Rather than detail various cases, I'd say this. Its important that software projects define the intent and understanding with which they use the license, and its far better to ship with known, better understood licenses (even with legally binding addendums and exceptions) than to invent your own. The Plone Foundation has a responsibility, as owner of the Plone IP, to more adequately define our intended usage, derivation model, etc, that we can better protect it and the rights of the software's consumers.


Wednesday, November 16, 2005

Stop Energy

Some people know the term Stop Energy, others don't. If you don't you should. Its rampant and education is the key to stopping it. Stop Energy is any non-constructive, unreasoned response to an attempt to accomplish something.


There is a common belief that when presented with a new idea, or even an old one, that a request for comments means criticism. Stop Energy is applied without thought of the bigger picture, its an effort to prevent the realization of an idea.

Rather than recast the entire content of the link above I'd add the following:

Stop Energy is bad behavior. When confronted with a new idea try to think about how it can be made to work, try to think about how you can help. If there is constructive criticism to be realized about an idea it will fall naturally out of such an approach.

Monday, November 14, 2005

Skeletor

Geoff Davis and myself recently participated in a sprint devoted to packaging Plone products and best practices around product development.
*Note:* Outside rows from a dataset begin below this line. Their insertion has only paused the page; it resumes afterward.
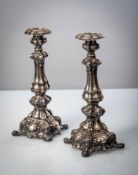 A PAIR OF SILVER CANDLESTICKS AND A TEA CADDY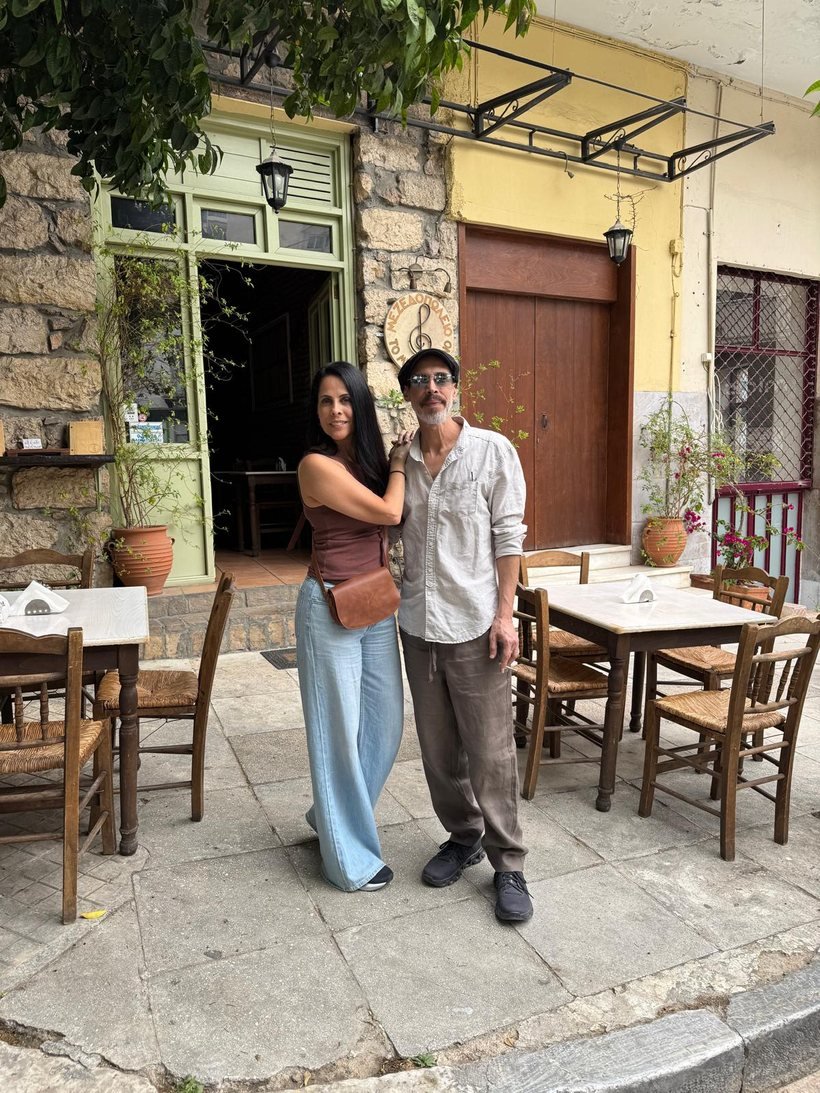 Pnina Havardi with her arm around her brother Roy Havardi, standing outside a stone taverna with a treble-clef sign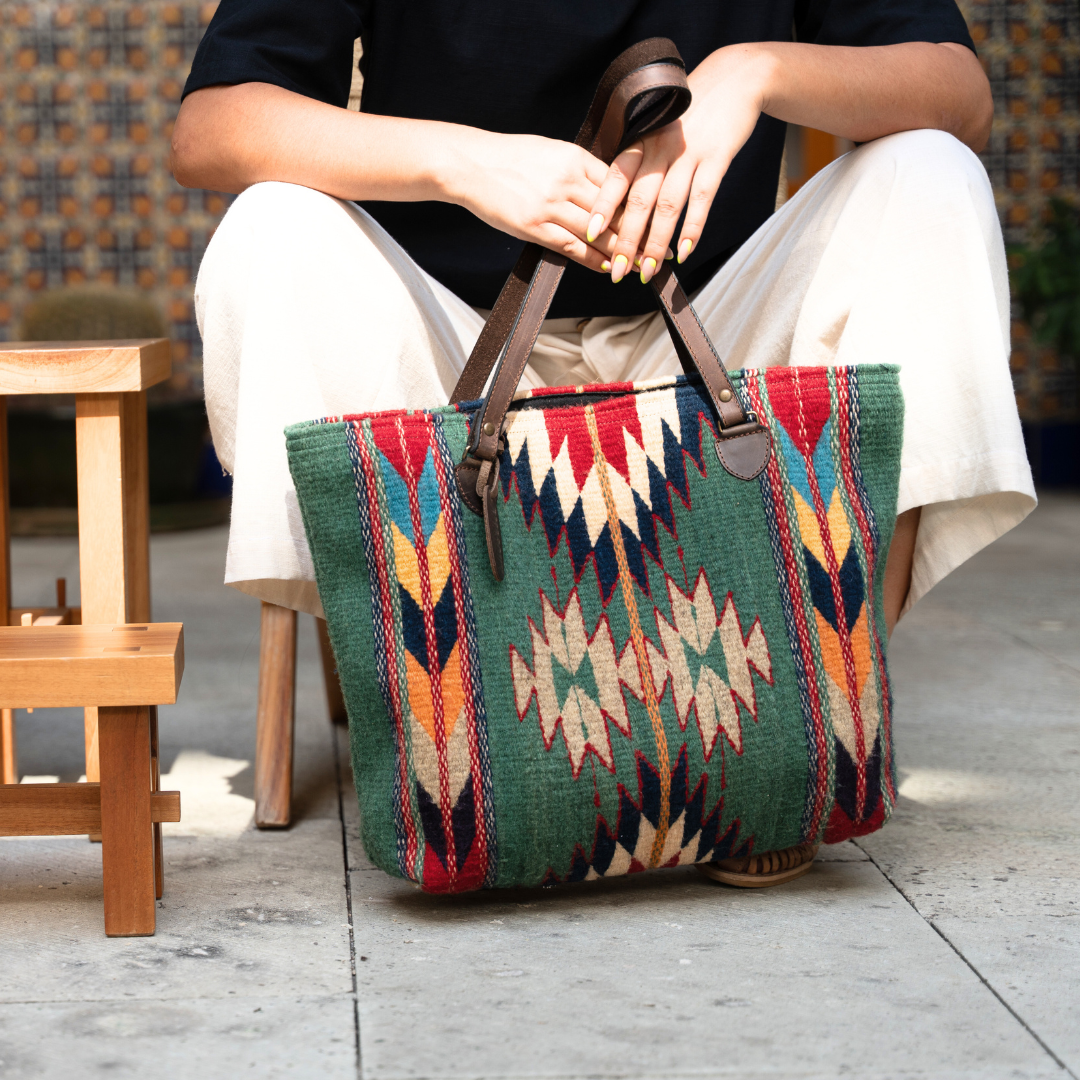 Woman with Handwoven wool tote bag in green and bold colors with Zapotec patterns, leather shoulder straps, and relaxed shape, roomy and ideal for everyday use.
There have been a number of good tutorials including the Bricolite one that I gave a while back in Vienna. We decided that a tool that could spit out project skeletons for Plone would help people take advantage of some of the better practices collected in the community.


Our tool generates a "Batteries Included" project skeleton. Its our hope that in the short term this will include:


- automatically generating EGGs


- automatic generation of HTML/PDF documentation


- build in testing support with common interfaces tests out of the box


- built in support for pyflake and some other Python testing/analysis tools.



The name of this mighty productivity aid? Skeletor.




Skeletor will be available from my darcs repo in the near term. For now its still in development but if you have ideas its darcs, Check it out and send me a patch.


Process Foundations

The Plone Foundation board is recommending that Plone developers start blogging about the good works that the community and Foundation Membership are up to. This is important. Plone is a powerful, flexible product but isn't getting the same product love as some of the other web development frameworks on the market today.


I find that many in the community compare us to them where them is a collection of frameworks for doing web presentation on top of simple relational databases. Many of these frameworks are cool in their own right and in their own product spaces but Plone is much more than any of them. Plone is a full fledged Content Management System that has competed with some of the very best commercial systems and won. It offers advanced features for workflow management of content, collaborative content development and a suite of other features that set it apart.


Frameworks that pride themselves on leanness and rapid application development offer those things because they give you the ability to manage so much less complexity. The world is complex and the problems people attempt to solve in it doubly so.


I think proper positioning in the technology market will help developers hunting for frameworks and help to bring additional talent into our playground.